═══ Input records ═══

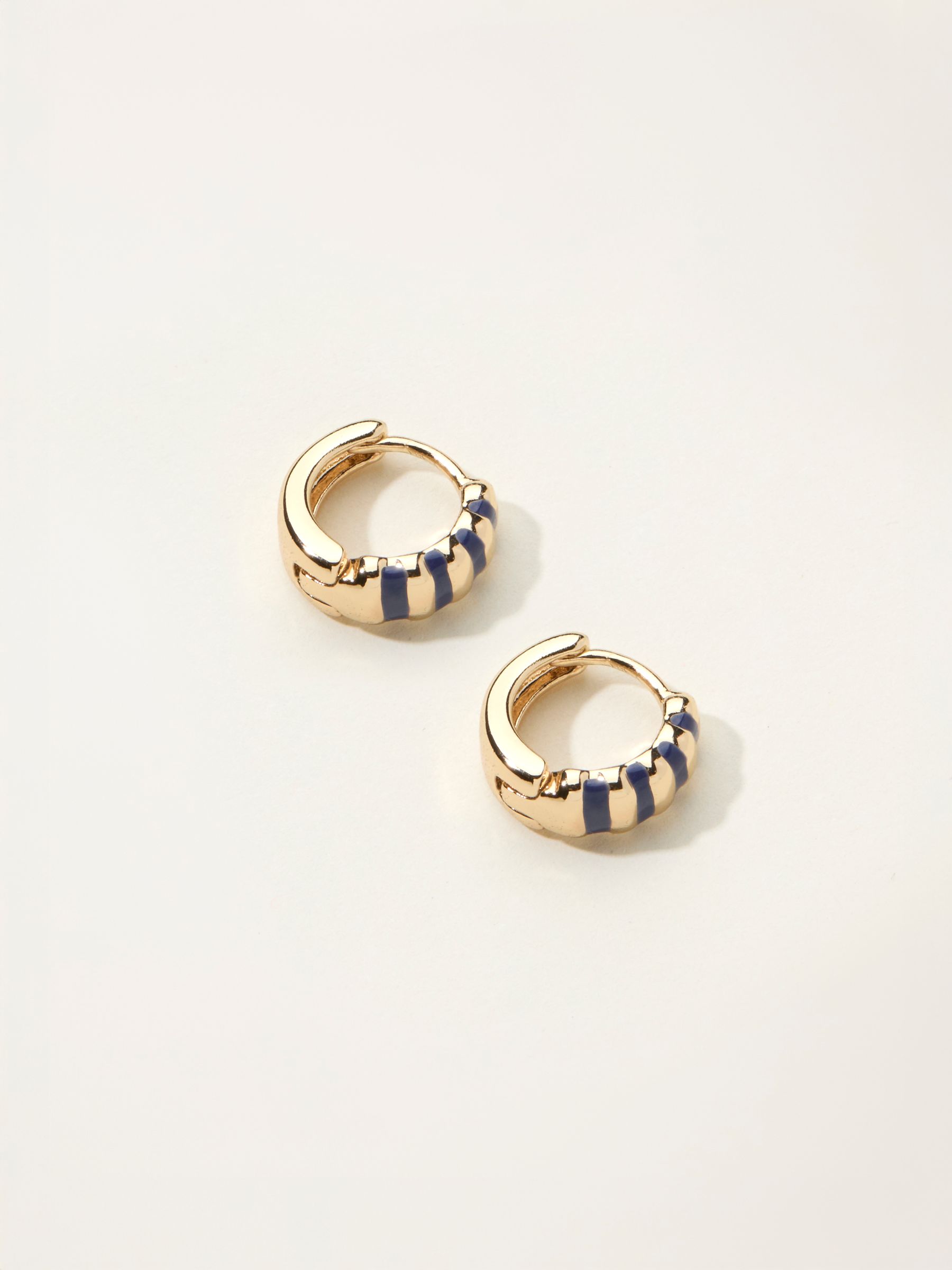 Navy Blue Enamel Stripe Huggie Earrings - Image 1 of 2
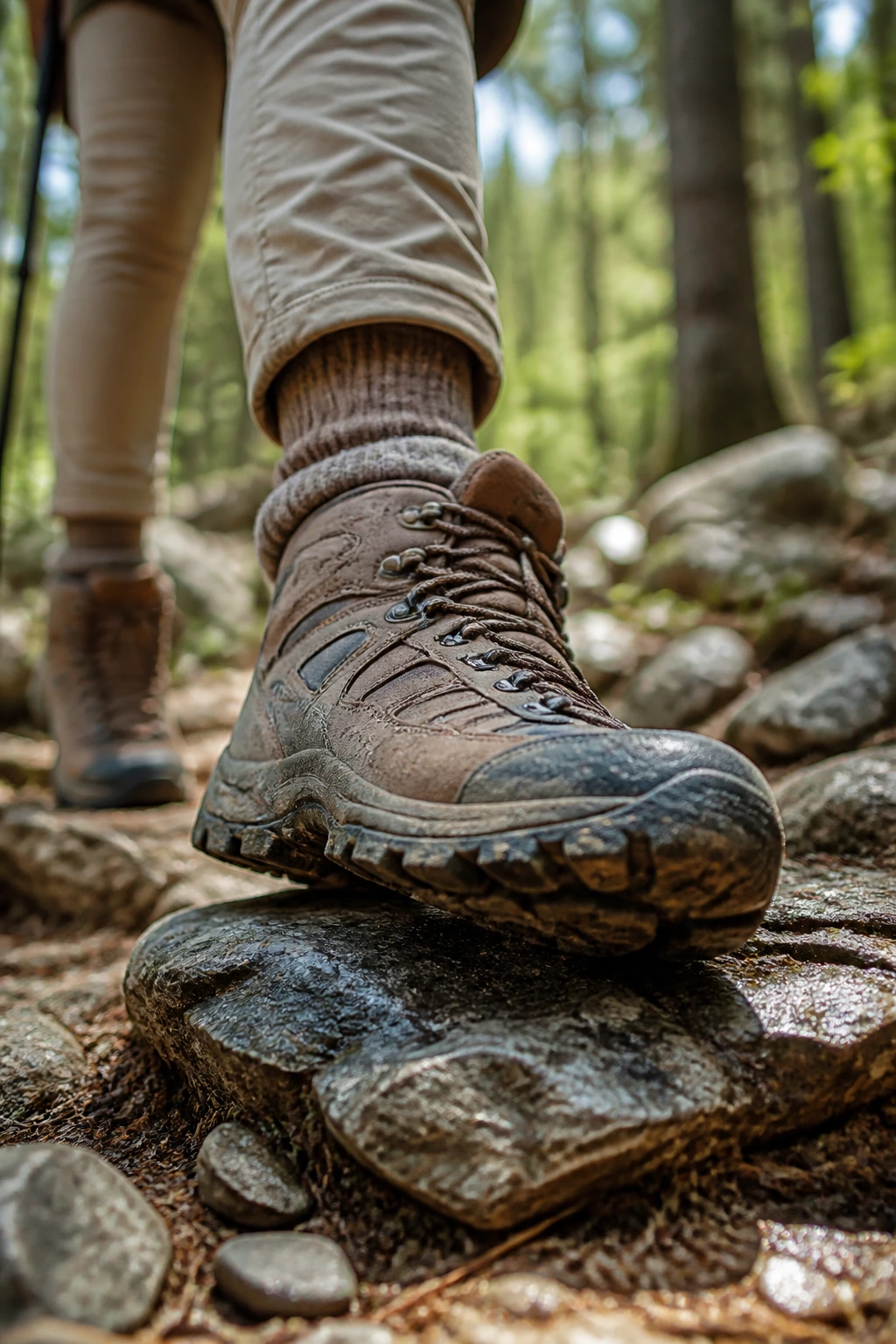 Close-up of hiking boot on rocky trail with forest backdrop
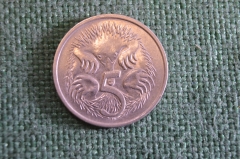 Монета 5 центов 1982 год. Ехидна. Елизавета II, Австралия.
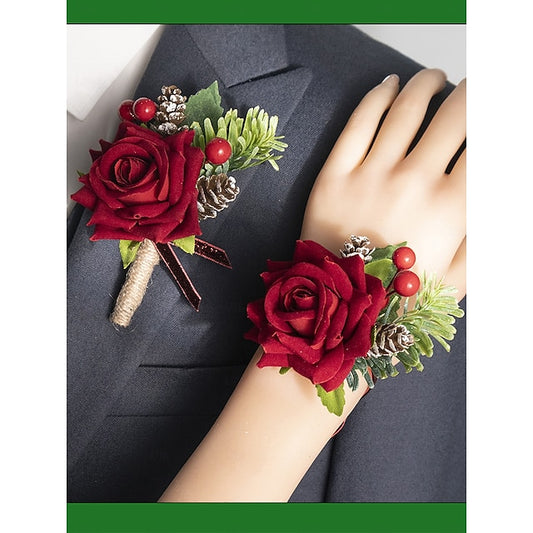 Women's Christmas Set and Corsage Boutonniere Rose Red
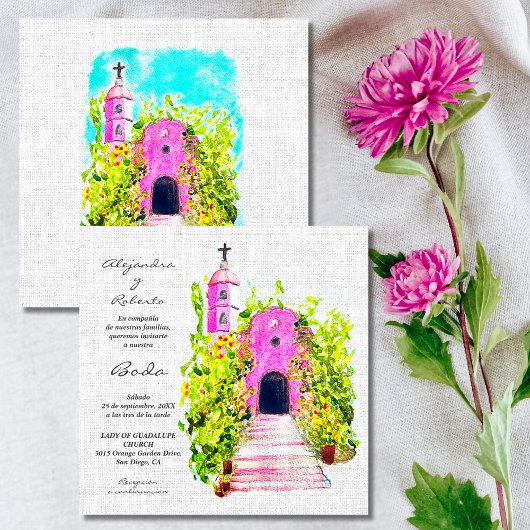 Carte Espagnol, Aquarelle Chapelle Mexicaine Mariage Inv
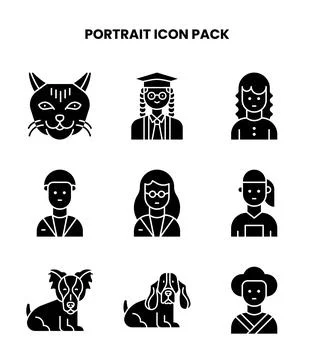 Portrait Glyph Graphics Icons Pack Stock Illustration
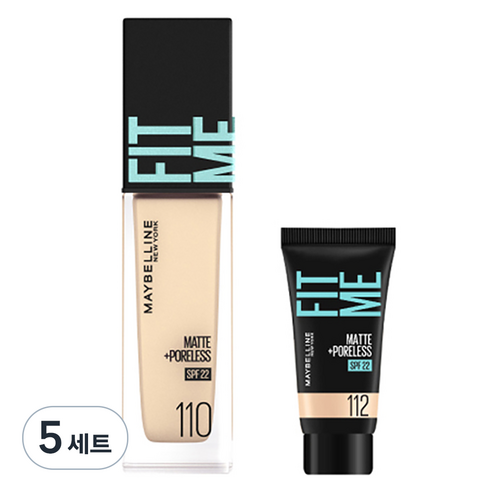 메이블린 핏미 파운데이션 레노 30ml + 미니파운데이션 5ml 세트, 110 포슬린(파운데이션), 112 내추럴 아이보리(미니파운데이션), 5세트
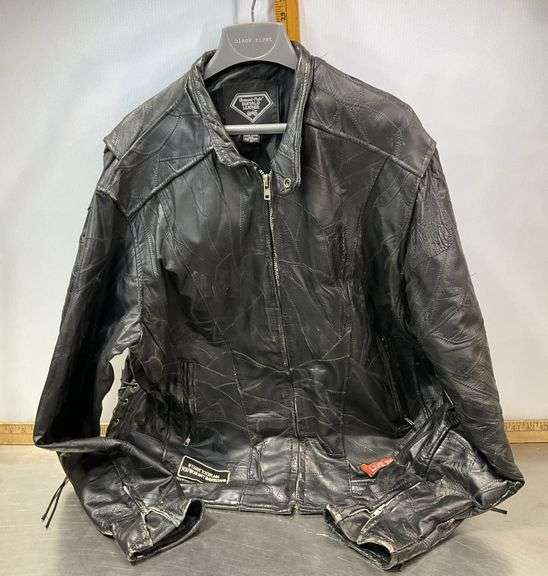Biker Jacket Diamond Plate Leather Size 3X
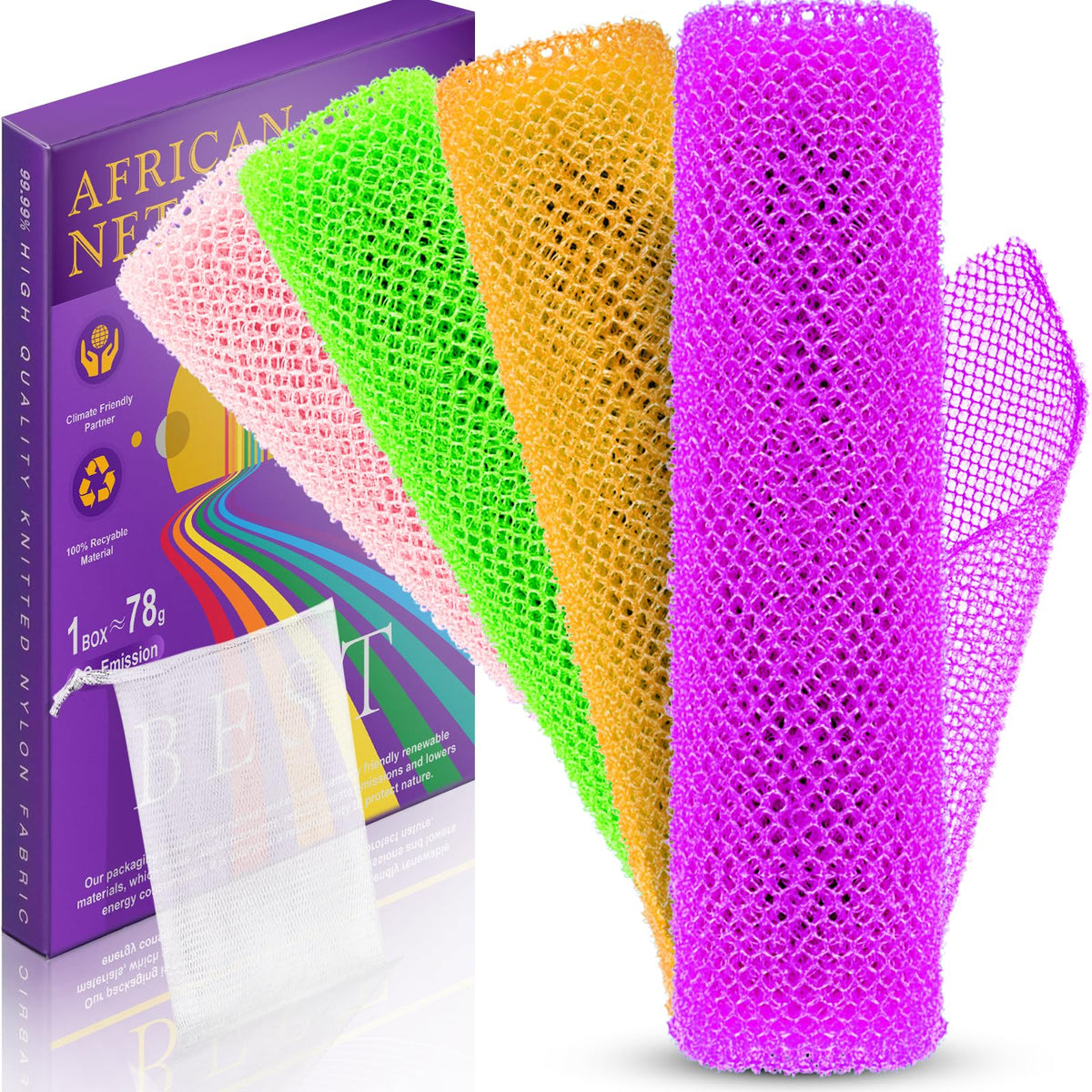 Riuota African Bath Sponge Set - 4 Colors, Exfoliating Nylon Bath Net For Silky Smooth Skin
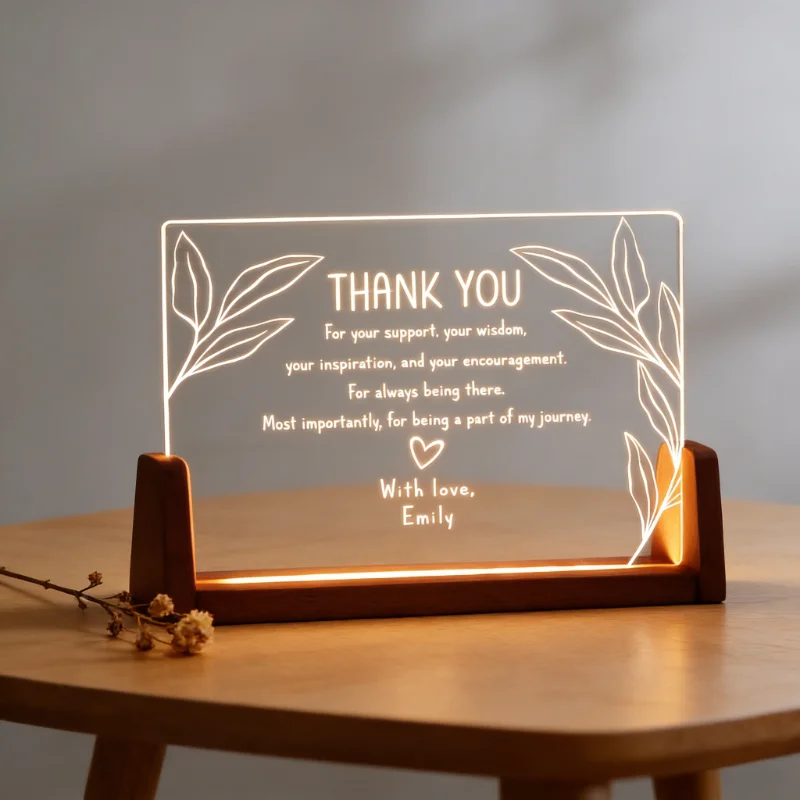 Personalized Thank You Acrylic Plaque LED Light Custom Appreciation Gift For Mentor Teacher Employee Friend And Loved Ones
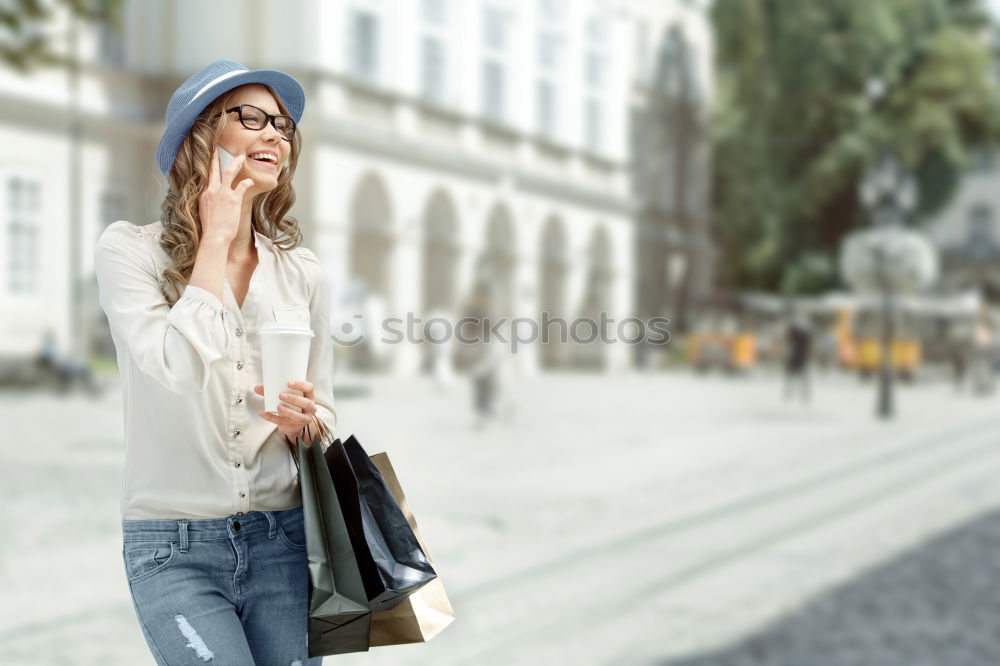 Similar – Image, Stock Photo Cheerful stylish woman in hat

═══

The lines to restate word for word run from the line that contains "메이블린 핏미 파운데이션" through the end of the entries above, both ends included. Leave out all pictures and write nothing else.

Exercise solution
 메이블린 핏미 파운데이션 레노 30ml + 미니파운데이션 5ml 세트, 110 포슬린(파운데이션), 112 내추럴 아이보리(미니파운데이션), 5세트
Biker Jacket Diamond Plate Leather Size 3X
 Riuota African Bath Sponge Set - 4 Colors, Exfoliating Nylon Bath Net For Silky Smooth Skin
 Personalized Thank You Acrylic Plaque LED Light Custom Appreciation Gift For Mentor Teacher Employee Friend And Loved Ones
 Similar – Image, Stock Photo Cheerful stylish woman in hat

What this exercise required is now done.